Indiana Jones et le cadran de la destinée de James Mangold

Les héros sont fatigués

Malgré d’évidentes qualités et un Harrison Ford toujours en forme, un dernier opus en partie gâché par plusieurs scènes fantaisistes et par une profusion d’images de synthèse, à la qualité discutable.

C’était il y a quinze ans déjà. Indiana Jones et le Royaume du crâne de cristal était présenté en avant-première mondiale au Festival de Cannes, suscitant des réactions pour le moins mitigées. Il y a un mois, sur la Croisette, Indiana Jones et le Cadran de la destinée, le premier volet réalisé par James Mangold, a connu un destin finalement similaire. 

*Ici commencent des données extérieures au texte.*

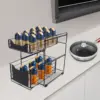 Organisateur de placard à 2 niveaux avec tiroirs coulissants – Étagère sous évier réglable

On ne reviendra pas ici sur l’opus signé Steven Spielberg, toujours vilipendé par de nombreux fans malgré un succès public réel lors de sa sortie en salle, pour se consacrer à ce cinquième, et très probablement ultime, volet mettant en scène Harrison Ford en intrépide archéologue. Car l’âge de l’acteur est probablement la principale source des défauts et des qualités de ce film. Il ne s’agit pas ici de minimiser le travail de James Mangold, consciencieux artisan, évoquant dans sa mise en scène et dans les sujets de plusieurs de ses films (3 h 10 pour Yuma, Walk the Line), l’esprit d’un Hollywood disparu. Le réalisateur de Logan ou Le Mans ’66 était en effet le meilleur choix pour faire revivre une dernière fois sur grand écran les aventures du héros au fedora si reconnaissable. 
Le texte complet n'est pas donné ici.